Night Looking Upon Sleep Her Beloved Child (II)
Around 1857–8 Simeon Solomon was introduced to Dante Gabriel Rossetti and joined the Pre-Raphaelite circle, soon becoming a favourite of the group, especially with Edward Burne-Jones, who called Solomon the ‘greatest artist of them all’. For a period he enjoyed the support of a number of wealthy patrons and Pre-Raphaelite collectors. Among their wider circle Solomon was also influenced by Algernon Swinburne and Walter Pater, key exponents of the Aesthetic movement.
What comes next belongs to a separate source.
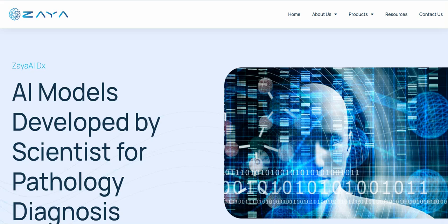Hello guys, welcome back to my channel. In this video I'm going to review a new AI project which is completely different from other AI projects. These projects help us to diagnose disease and conquer cancer. Finally people started doing something in this market, and now artificial intelligence will help us defeat sickness. It's called Zaya AI, so let me show you what it is.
Following three trips to Italy in the 1860s, Solomon changed his style and subject matter concentrating on classical Renaissance imagery often shot through with a languid eroticism and exploring same-sex desire.
This delicate watercolour is closely tied up with the mystical, dreamlike atmosphere of Solomon’s prose poem, A Vision of Love Revealed in Sleep, which he published in 1871, dedicated to his friend Burne-Jones. Solomon’s late heads often represent abstract themes, such as Night, Love and Death and this is one of many reworkings. The two heads, Night and Sleep, with their distinctive classical features, are physically close, but do not look directly at one another. Night wraps them both protectively in her cloak, while looking upon her child Sleep with her closed eyes. Night’s own expression is dream-like, with just a hint of suffering.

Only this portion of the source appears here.